Argument of perigee. If the orbit is elliptical, where the lowest point is. Most LEO satellites fly circular orbits, so this is often irrelevant.

Eccentricity. How "stretched" the orbit is. 0 = perfect circle, 0.5 = noticeably elliptical. Most Starlinks fly circular or near-circular.

The big challenges coming

Three problems will define LEO in the next ten years:

1. Debris mitigation. The FCC and ITU are starting to require 5-year post-mission disposal for LEO satellites. That means deorbit within 5 years of mission end — usually via controlled re-entry or natural decay. Satellites launched today must plan for this from day one.

2. Spectrum coordination. With tens of thousands of satellites beaming internet down to Earth, the radio spectrum is getting crowded. Coordination between operators (Starlink, Kuiper, Guowang, Qianfan, and others) is increasingly a regulatory and diplomatic challenge.

3. Traffic management.
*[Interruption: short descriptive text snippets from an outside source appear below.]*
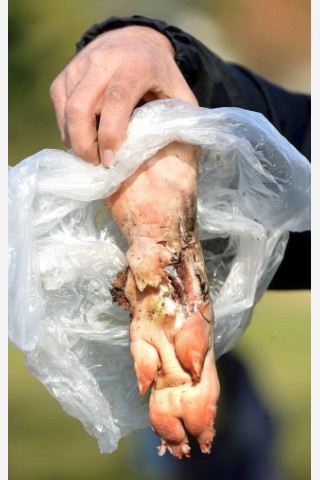 Mit einer Schweinepfote führte die Polizei vor, welchen Schaden Böller anrichten, wenn sie in der Hand detonieren.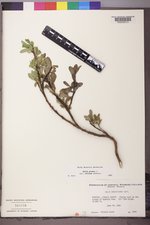 Salix glauca var. villosa image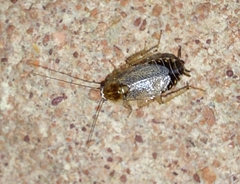 Planuncus tingitanus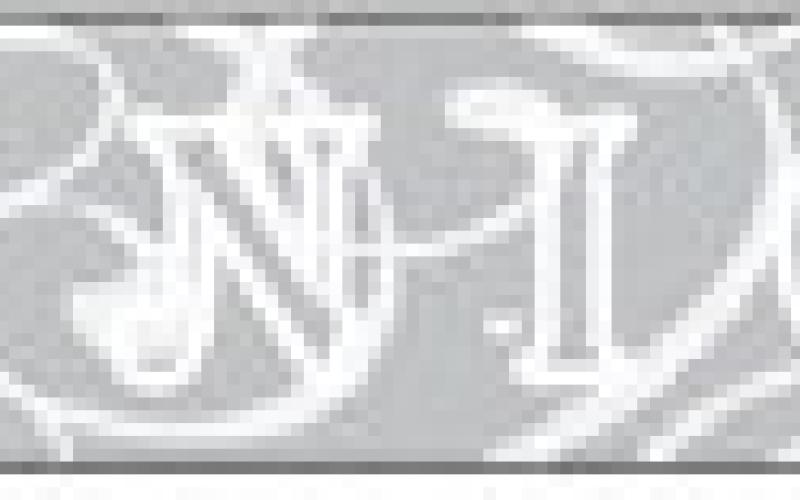 Alt Text for Image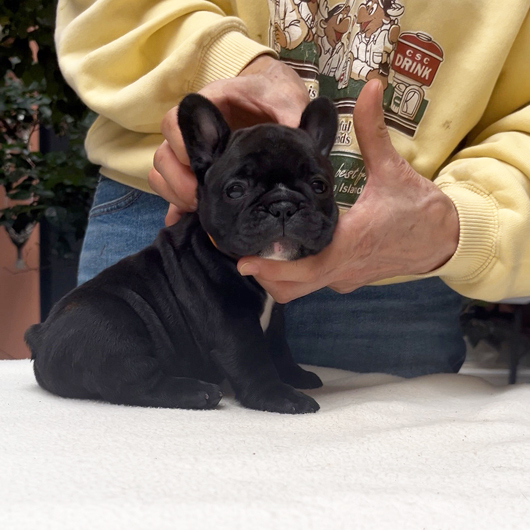 250930BRF-01可愛いお顔でコロコロボディーのフレンチブルドッグのブリンドル女の子です。-2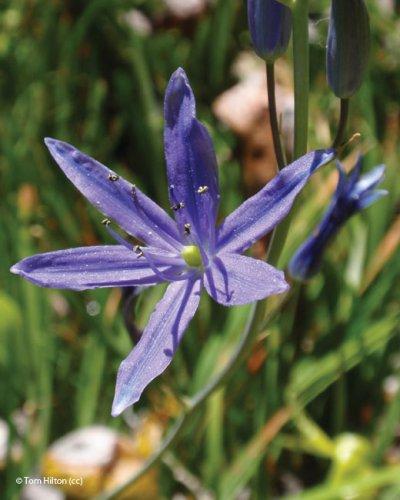 Camassia quamash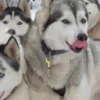 Schlittenhundefahrt Bad Herrenalb für 2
The US Space Force tracks everything in orbit. As traffic grows, automated collision avoidance becomes essential. Current systems rely on manual review of conjunction warnings — that won't scale to 100,000+ satellites.

What's coming next

Expect to see, in rough order:

• More Starlink shells (SpaceX is filling out global coverage and adding direct-to-cell)
• Kuiper going live (Amazon's constellation, launching through 2027)
• Chinese mega-constellations (Guowang and Qianfan, hundreds of satellites each)
• In-orbit servicing (satellites refueling or repairing other satellites in LEO)
• Commercial space stations (replacing ISS, planned for 2028-2030)
• Active debris removal (a small industry, but the first contracts are being signed)

LEO is going to get a lot busier. The physics hasn't changed, but the engineering and the regulatory environment are evolving fast.